8:30 AM-9:30 AM
Room: Texas Ballroom B
Chair: Richard Sincovec, University of Texas, San Antonio
Effective management of reservoirs, aquifers, bays and estuaries demands rapid, reliable forecasts of behavior. Length scales of practical and economic interest range from tens of meters to kilometers. A large disparity in time scales also exists, from nearly instantaneous chemical reactions to daily tidal movements to water infiltration into waste repositories for millennia. Moreover different physical processes occur simultaneously in different parts of the domain.(e.g. single phase flow within an aquifer, multiphase flow in the vadose zone above the aquifer, and shallow water transport in a river or wetland in contact with the porous media.)
A synethetic computational environment which allows for multiple physical models, multiple discretizations and solvers, and flexibility in coupling of different physical models can greatly increase the productivity of the scientist and engineer as a tool for understanding complex physics and for making critical decisions.

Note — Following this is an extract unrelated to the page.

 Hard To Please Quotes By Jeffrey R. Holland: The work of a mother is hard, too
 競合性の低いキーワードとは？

In this presentation we discuss two different synthetic environments. The first involves a framework for the integration of petroleum reservoir production. One of the major obstacles here is the tight coupling of the chemistry, physics, and geology in the nonlinear systems. The second environment we consider involves water quality modeling in bays and estaries. Here the chemistry does not affect the flow, but flow data output from the hydrodynamics part of the simulator can be quite large and frequently needs to be projected in a locally conservative fashion onto another grid before use in the reactive transport portion of the code or module. Computational results for both of these frameworks are presented.
This plenary talk will be presented in a joint session of the Geosciences and the Parallel Processing conferences.
Mary F. Wheeler
Center for Subsurface Modeling, University of Texas, Austin